On Sun, 23 Mar 2008 09:23:24 -0700, Ian Osgood wrote:
> On Mar 22, 9:08 pm, Larry Webber <theco...@[EMAIL PROTECTED]
> wrote:
>> On Sat, 22 Mar 2008 19:28:34 -0700, Bruce McFarling wrote:
>> > On Mar 22, 7:57 pm, Larry Webber <theco...@[EMAIL PROTECTED]
> wrote:
>> >> I am using both gforth and an alpha release of vfxlin forth. What is
>> >> the recommended way of writing floating point values to a file? For
>> >> writing integer values there are the "pictured number conversion"

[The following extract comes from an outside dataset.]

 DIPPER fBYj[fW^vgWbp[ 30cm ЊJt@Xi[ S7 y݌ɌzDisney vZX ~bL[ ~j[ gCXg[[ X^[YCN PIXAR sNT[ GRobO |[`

>> >> words. What is the recommended ****table way to do this with gforth
>> >> and vfxlin?
>>
>> > Not because I know the answer, but because I'm interested in hearing
>> > it:
>>
>> > (1) Are you asking about writing a text string representing the
>> > floating point value for later display?
>>
>> > (2) Or are you asking about writing a floating point value in binary
>> > form for later retrieval and computation?
>>
>> Bruce,
>>
>> The latter. The need is to write floating point values to a file. The
>> data will later be read by a mathematical program which will both plot
>> the values and perform certain numerical analysis on the data.
>>
>> A friend was able to "get under the hood" of gforth and figure out how
>> to vector the output to a file but we would like a more straight
>> forward method which is implementation neutral. I don't see a
>> straightforward way of doing this presently.
>>
>> Thanks,
>>
>> Larry
>
> So now you need to tell us the format in which your math program expects
> floating point numbers.
>
> From your comment about revectoring, I'm assuming you require a text
> representation instead of binary IEEE, and you were trying to revector
> F. or one of its variations. Look to the implementation of these words
> (SEE F. SEE FE.) for non-****table factors for getting string
> representations (GNU Forth: F$ SCRATCH). The only ****table word for
> getting decimal text from a FLOAT is REPRESENT ( addr len -- exponent
> sign? valid? ) ( F: f -- ).
>
> http://www.forthfreak.net/dpans/dpans12.htm#12.6.1.2143
>
> From REPRESENT it is relatively straightforward to get an exponential
> form (-0.DDDeNNN) suitable for re-parsing. Much of the complexity of the
> implementation of F. is dealing with pretty-printing issues like
> non-exponential forms, leading and trailing zeros, and limiting
> precision.
>
> This brings up a question: is there a standard for textual
> representation of floating point numbers? I only know of the defacto
> standard set by the C standard library's execrable printf/scanf("%f").
>
> Ian
Ian,
My reply from earlier this evening seemed to have dropped in the bit
bucket so forgive me if two posts show up.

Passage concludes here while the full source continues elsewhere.